[Stored data entries]
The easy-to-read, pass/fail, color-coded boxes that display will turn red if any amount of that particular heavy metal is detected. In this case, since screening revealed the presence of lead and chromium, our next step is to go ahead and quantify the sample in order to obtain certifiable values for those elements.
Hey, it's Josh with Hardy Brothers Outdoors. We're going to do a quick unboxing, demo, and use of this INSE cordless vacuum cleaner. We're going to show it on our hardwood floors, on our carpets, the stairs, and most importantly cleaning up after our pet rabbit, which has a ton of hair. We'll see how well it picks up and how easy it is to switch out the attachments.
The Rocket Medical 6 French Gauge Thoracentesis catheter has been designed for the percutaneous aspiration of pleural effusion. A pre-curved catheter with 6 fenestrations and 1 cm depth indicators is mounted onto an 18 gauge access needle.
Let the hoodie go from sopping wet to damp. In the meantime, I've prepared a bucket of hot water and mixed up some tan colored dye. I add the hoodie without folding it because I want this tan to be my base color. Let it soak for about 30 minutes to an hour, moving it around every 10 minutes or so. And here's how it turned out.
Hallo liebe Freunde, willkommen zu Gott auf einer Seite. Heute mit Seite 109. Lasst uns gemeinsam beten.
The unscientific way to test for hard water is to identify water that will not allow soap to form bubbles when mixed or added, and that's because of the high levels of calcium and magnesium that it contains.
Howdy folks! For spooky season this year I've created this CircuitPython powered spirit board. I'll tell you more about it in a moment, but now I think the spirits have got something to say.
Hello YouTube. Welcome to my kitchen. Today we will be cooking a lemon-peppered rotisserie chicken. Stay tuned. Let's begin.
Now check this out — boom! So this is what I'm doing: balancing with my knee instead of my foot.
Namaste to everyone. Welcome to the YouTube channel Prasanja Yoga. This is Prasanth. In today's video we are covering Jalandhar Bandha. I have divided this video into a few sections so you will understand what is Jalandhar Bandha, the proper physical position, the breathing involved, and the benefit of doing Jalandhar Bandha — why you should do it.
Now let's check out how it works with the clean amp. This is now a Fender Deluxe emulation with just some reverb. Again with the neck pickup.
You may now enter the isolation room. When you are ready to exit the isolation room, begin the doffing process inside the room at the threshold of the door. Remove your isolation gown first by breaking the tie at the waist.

### Task
Please quote nothing but the lines from the line with "Now let's check" through the end of the data above, exactly as written, ends included.

### Response to this task
Now let's check out how it works with the clean amp. This is now a Fender Deluxe emulation with just some reverb. Again with the neck pickup.
You may now enter the isolation room. When you are ready to exit the isolation room, begin the doffing process inside the room at the threshold of the door. Remove your isolation gown first by breaking the tie at the waist.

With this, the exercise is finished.